In this paper, a robust self-learning PID (RSPID) control system is proposed for nonlinear systems. This RSPID control system comprises a self-learning PID (SPID) controller and a robust controller. The SPID controller is utilized to approximate an ideal controller, and the robust controller is designed to recover the residual approximation error between the ideal controller and SPID controller. The gradient descent method and \( \, H_{\infty } \, \) control technique are utilized to derive the on-line tuning laws of SPID controller and robust controller, so that the robust stability of the system can be obtained. Furthermore, the PSO algorithm is adopted to auto-search the optimal learning-rates of PID controller to increase the learning speed. Finally, two nonlinear systems are presented to support the validity of the proposed control method.

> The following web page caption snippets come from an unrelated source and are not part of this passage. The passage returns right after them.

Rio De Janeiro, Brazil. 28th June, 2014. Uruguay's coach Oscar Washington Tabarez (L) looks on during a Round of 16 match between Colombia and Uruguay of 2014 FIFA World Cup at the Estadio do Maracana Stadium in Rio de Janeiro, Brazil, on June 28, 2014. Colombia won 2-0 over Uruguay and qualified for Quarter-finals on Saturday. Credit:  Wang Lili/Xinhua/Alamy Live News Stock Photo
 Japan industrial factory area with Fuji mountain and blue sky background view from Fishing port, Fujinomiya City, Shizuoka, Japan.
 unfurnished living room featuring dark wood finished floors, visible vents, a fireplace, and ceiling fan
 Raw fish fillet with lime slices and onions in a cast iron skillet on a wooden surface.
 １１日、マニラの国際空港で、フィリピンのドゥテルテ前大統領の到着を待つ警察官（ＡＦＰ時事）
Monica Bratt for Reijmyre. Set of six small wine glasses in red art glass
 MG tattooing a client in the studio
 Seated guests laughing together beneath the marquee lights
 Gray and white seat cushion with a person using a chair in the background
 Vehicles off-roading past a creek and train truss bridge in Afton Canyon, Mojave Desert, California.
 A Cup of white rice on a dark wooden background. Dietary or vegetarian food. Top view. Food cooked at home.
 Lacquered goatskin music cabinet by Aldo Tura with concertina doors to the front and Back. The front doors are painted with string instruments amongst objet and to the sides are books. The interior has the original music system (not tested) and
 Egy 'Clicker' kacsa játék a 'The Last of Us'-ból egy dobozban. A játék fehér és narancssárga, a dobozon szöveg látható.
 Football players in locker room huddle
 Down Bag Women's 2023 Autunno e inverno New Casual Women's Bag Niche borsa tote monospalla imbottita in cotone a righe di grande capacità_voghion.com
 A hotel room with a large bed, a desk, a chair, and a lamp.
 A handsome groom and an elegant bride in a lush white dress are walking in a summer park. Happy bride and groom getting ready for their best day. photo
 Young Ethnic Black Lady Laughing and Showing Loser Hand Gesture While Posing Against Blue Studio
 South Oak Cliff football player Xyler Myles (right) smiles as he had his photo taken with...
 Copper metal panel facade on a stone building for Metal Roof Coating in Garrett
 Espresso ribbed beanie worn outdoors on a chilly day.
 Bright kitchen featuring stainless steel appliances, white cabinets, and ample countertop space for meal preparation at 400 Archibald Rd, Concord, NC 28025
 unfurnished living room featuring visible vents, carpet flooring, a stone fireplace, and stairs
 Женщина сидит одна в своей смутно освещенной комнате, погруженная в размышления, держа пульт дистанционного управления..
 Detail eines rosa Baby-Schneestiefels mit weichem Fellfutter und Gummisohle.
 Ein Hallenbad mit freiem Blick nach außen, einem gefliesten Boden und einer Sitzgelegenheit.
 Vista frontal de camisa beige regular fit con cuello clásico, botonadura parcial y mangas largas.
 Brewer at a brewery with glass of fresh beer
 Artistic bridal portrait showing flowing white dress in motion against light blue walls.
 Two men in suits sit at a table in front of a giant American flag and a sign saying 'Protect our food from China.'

This study is organized as follows. Problem formulation is described in Sect. 2. The PSO algorithm is briefly reviewed in Sect. 3. The design procedure of the proposed RSPID control system is constructed in Sect. 4. In Sect. 5, simulations are performed to verify the effectiveness of the proposed control method. Finally, conclusions are drawn in Sect. 6.

2 Problem formulation

Consider a class of nth-order multi-input multi-output (MIMO) nonlinear systems expressed in the following form:

$$ \begin{aligned} \user2{x}^{(n)} (t) & = \user2{f}(\underline{\user2{x}} (t)) + \user2{G}(\underline{\user2{x}} )(t)\user2{u}(t) + \user2{d}(t) \\ \user2{y} & = \user2{x}(t) \\ \end{aligned} $$

(1)

where

\( \user2{u}(t) = [u_{1} (t),u_{2} (t), \ldots , \, u_{m} (t)]^{T} \in \Re^{m} \, \) :

the control input vector of the system

\( \user2{y} = \user2{x}(t) = [x_{1} (t),x_{2} (t), \ldots , \, x_{m} (t)]^{T} \in \Re^{m} \) :

the system output vector

\( \underline{\user2{x}} (t) = [\user2{x}^{T} (t),\dot{\user2{x}}^{T} (t), \ldots ,\user2{x}^{(n - 1)T} (t)]^{T} \in \Re^{mn} \) :

the state vector of the system

\( \user2{f}(\underline{\user2{x}} (t)) \in \Re^{m} \, \) :

unknown bounded nonlinear function

\( \user2{G}(\underline{\user2{x}} (t)) \in \Re^{m \times m} \, \) :

unknown bounded nonlinear matrix

\( \user2{d}(t) = [d_{ 1} (t) ,d_{2} (t) ,\ldots , { }d_{m} (t)]^{T} \in \Re^{m} \) :

unknown bounded external disturbance.

When neglecting the modeling uncertainty and external disturbance, the nominal system of Eq. 1 can be obtained as

$$ \user2{x}^{(n)} (t) = \user2{f}_{n} (\underline{\user2{x}} (t)) + \user2{G}_{n} \user2{u}(t) $$

(2)

where \( \, \user2{f}_{n} (\underline{\user2{x}} (t)) \in \Re^{\text{m}} \) is the nominal function of \( \user2{f}(\underline{\user2{x}} (t)) \), and the constant matrix \( \user2{G}_{n} = diag(g_{n1} , \, g_{n2} , \ldots , \, g_{nm} ) \in \Re^{m \times m} \, \) is the nominal functions of \( \user2{G}(\underline{\user2{x}} (t)) \). Without losing generality, assume the constant \( g_{ni} \ge 0 \) for \( i = 1 \ldots m \). Assume that the nonlinear system of Eq. 2 is controllable and \( \user2{G}_{n}^{ - 1} \) exists for all \( \underline{\user2{x}} (t) \). If the external disturbance and modeling uncertainty exist, the MIMO nonlinear systems Eq. 1 can be reformulated as

$$ \user2{x}^{(n)} (t) = \user2{f}_{n} (\underline{\user2{x}} (t)) + \user2{G}_{n} \user2{u}(t) + \user2{l}(\underline{\user2{x}} (t),t) $$

(3)

where \( \user2{l}(\underline{\user2{x}} (t),t) \) is referred to as the lumped uncertainty, including system’s uncertainty and external disturbance.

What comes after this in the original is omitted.